- _Task brief_: Once you reach the line containing "Квартира 1-комнатная квартира", return it and every line after it exactly, through the end of the records below, with no pictures.

..........

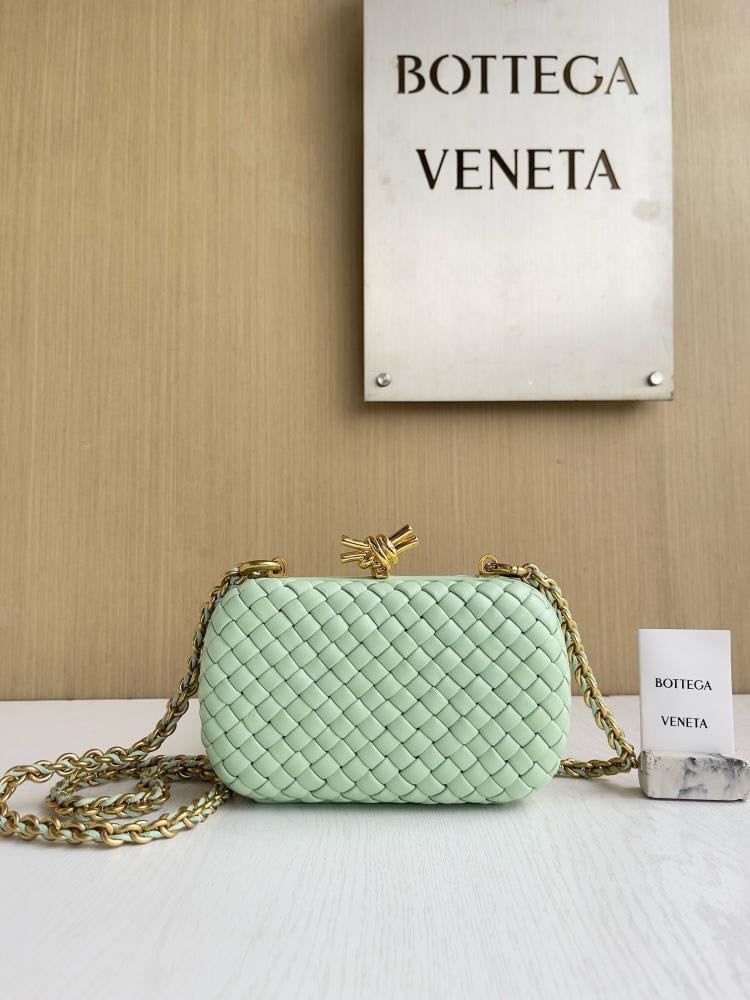 Bottega Veneta KNOT size 19cm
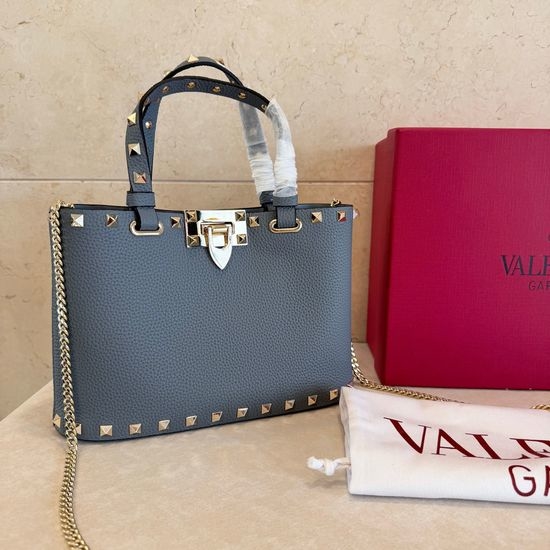 Valentino Rockstud Grainy Calfskin Crossbody Bag 8001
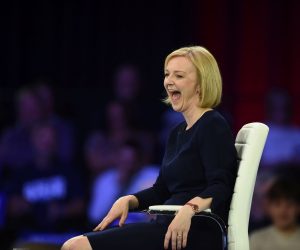 epaselect epa10129765 British Foreign Secretary and Tory leadership candidate Liz Truss at the Conservative Party leadership election hustings at the Manchester Central Convention Complex, Manchester, Britain, 19 August 2022. This event is the ninth of twelve hustings which have been taking place around the UK attended by Tory Party members who will vote for the new leader and British Prime Minister. The winner will be announced on the 05 September 2022.  EPA/PETER POWELL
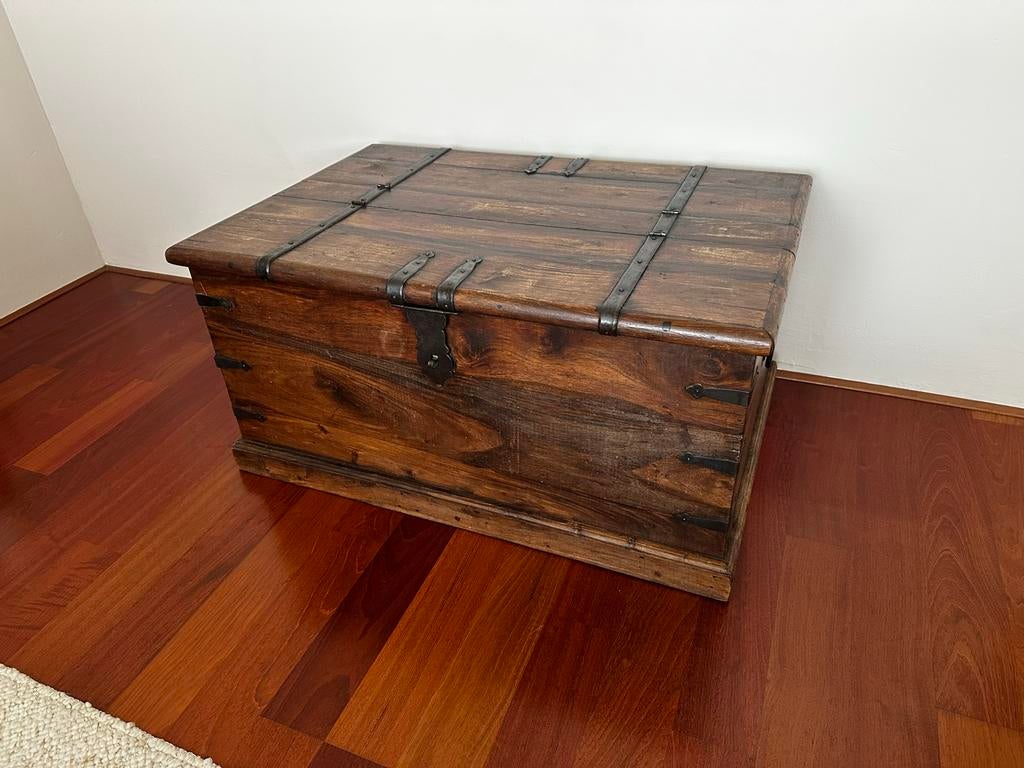 Vintage houten kist met metalen beslag, Huis en Inrichting, Woonaccessoires | Kisten, Ophalen, Gebruikt, 100 tot 150 cm, Minder dan 50 cm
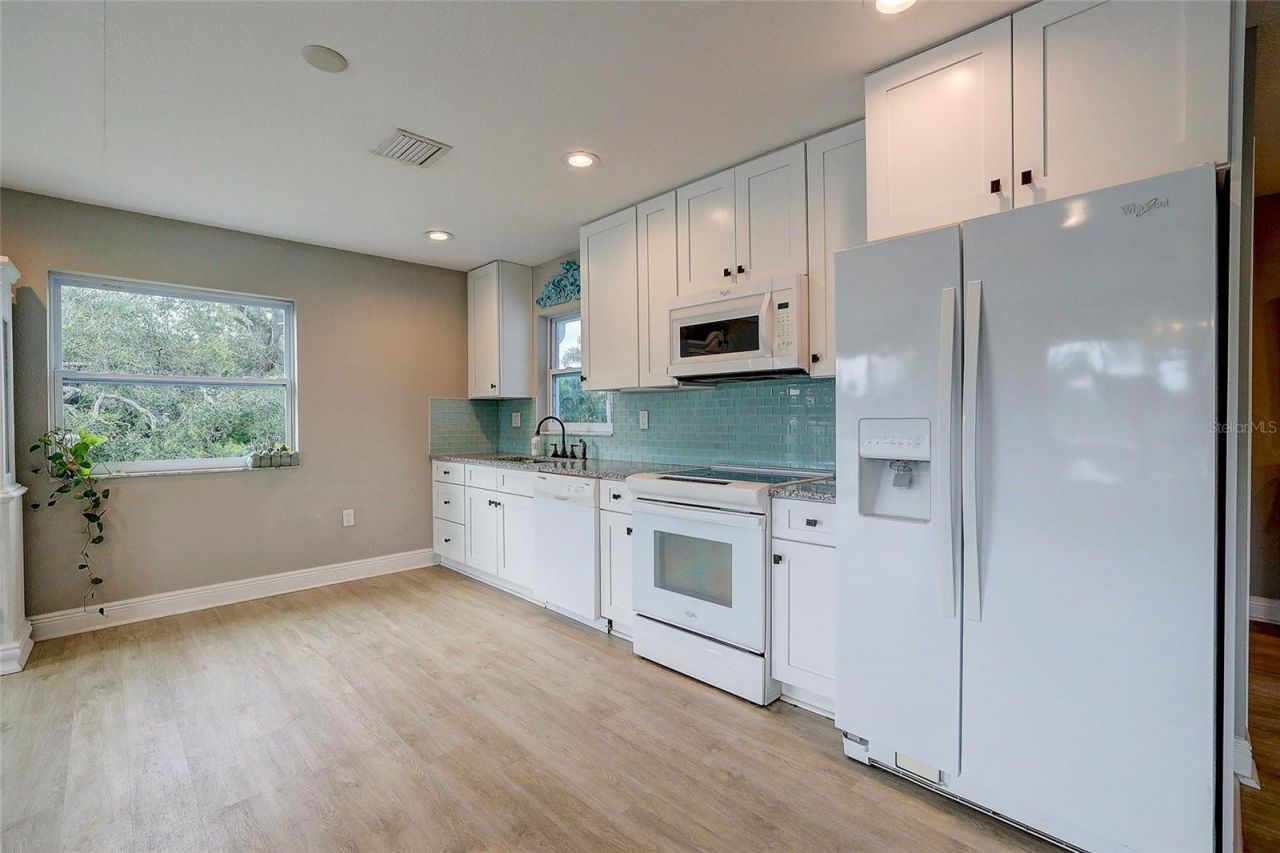 3214 N Seclusion Drive, Sarasota, FL 34239 Photo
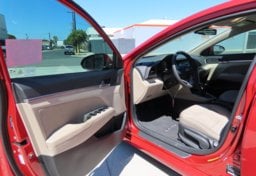 2019 Hyundai ELANTRA SEL - Thumbnail 16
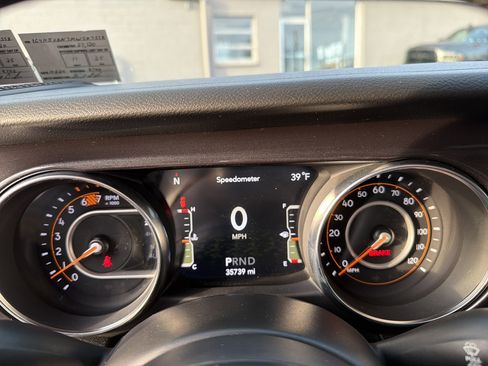 Certified 2021 Jeep Wrangler Unlimited Sport image 31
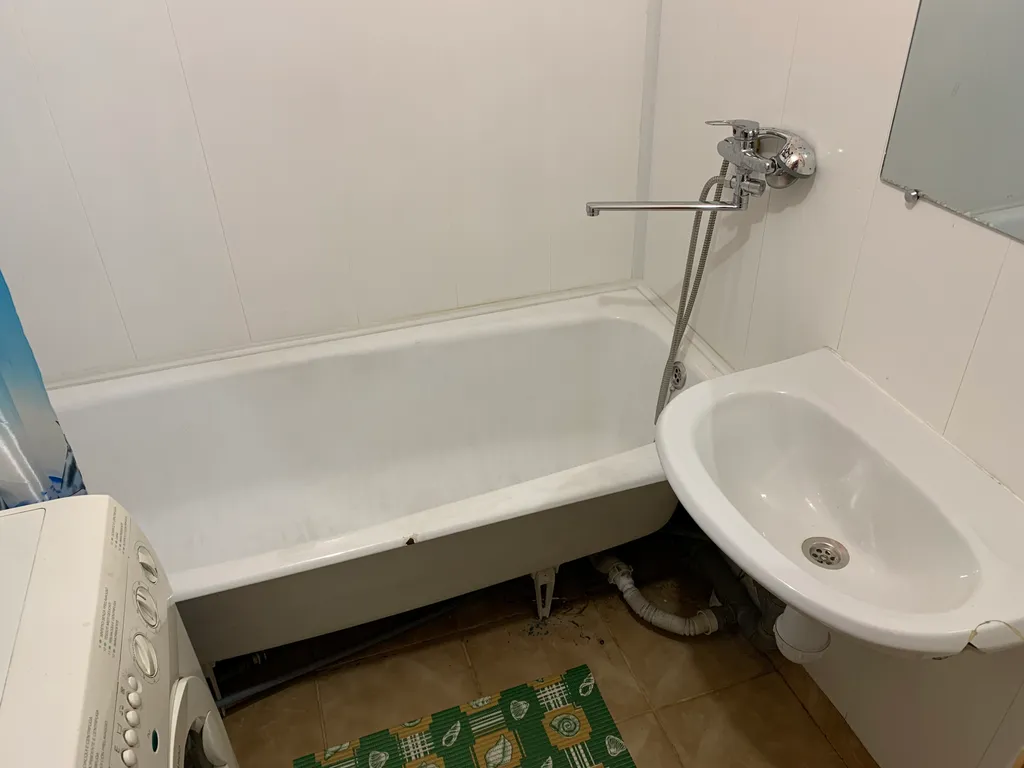 Квартира 1-комнатная квартира через дорогу от ТРЦ Планета — Красноярск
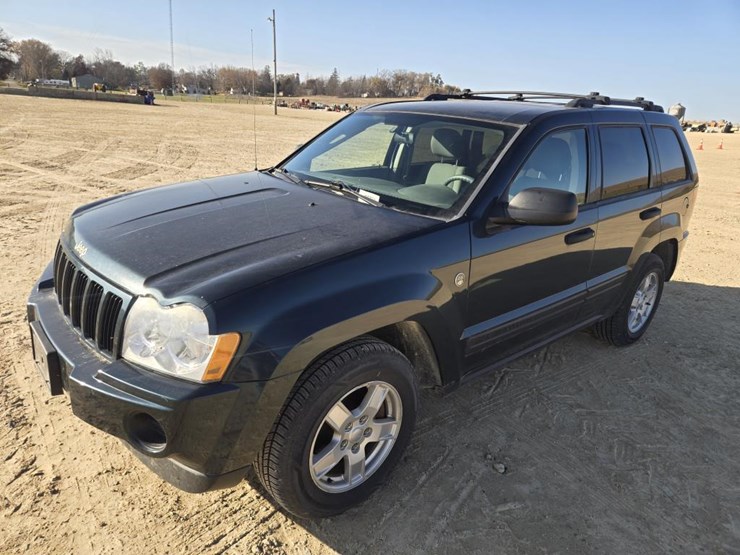 2005-jeep-grand-cherokee-image-3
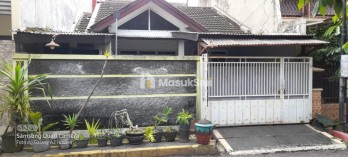DIJUAL RUMAH LOKASI DEKAT LIVING PLAZA SAWOJAJAR MALANG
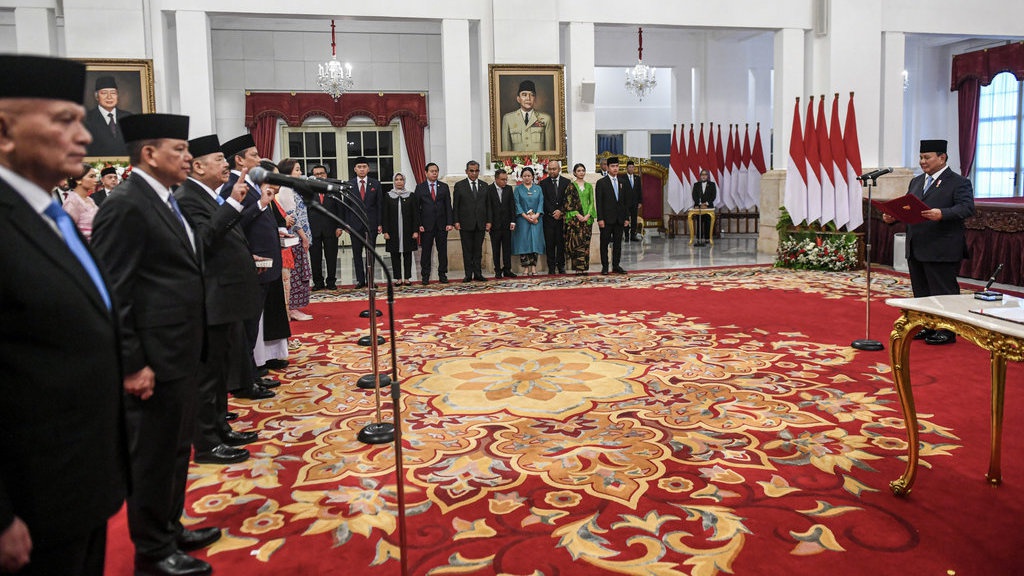 Istana-MPR Yakin Larangan Wamen Jadi Komisaris BUMN Tak Berlaku Istana-MPR Yakin Larangan Wamen Jadi Komisaris BUMN Tak Berlaku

..........

- _Answer space_:
 Квартира 1-комнатная квартира через дорогу от ТРЦ Планета — Красноярск
 2005-jeep-grand-cherokee-image-3
DIJUAL RUMAH LOKASI DEKAT LIVING PLAZA SAWOJAJAR MALANG
 Istana-MPR Yakin Larangan Wamen Jadi Komisaris BUMN Tak Berlaku Istana-MPR Yakin Larangan Wamen Jadi Komisaris BUMN Tak Berlaku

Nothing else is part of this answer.